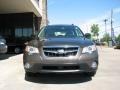 2008 Deep Bronze Metallic Subaru Outback 2.5i Wagon  photo #2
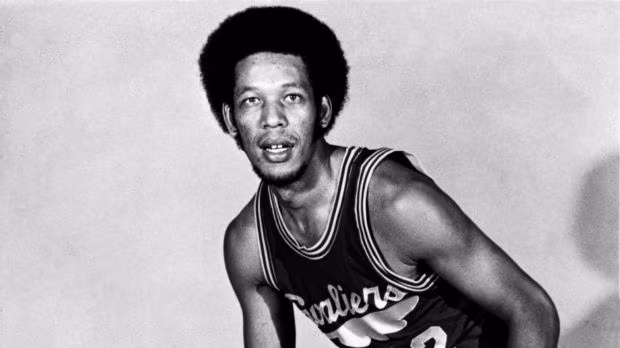 John Johnson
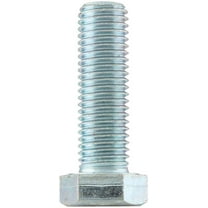 Allstar Performance Universal Bolt 3/4-10 in x 2.500 in Steel P/N 16338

========================================

» Task details:
Only the words belong in your copy: restate the data above exactly and leave the images out.

» Solved problem:
 2008 Deep Bronze Metallic Subaru Outback 2.5i Wagon  photo #2
 John Johnson
 Allstar Performance Universal Bolt 3/4-10 in x 2.500 in Steel P/N 16338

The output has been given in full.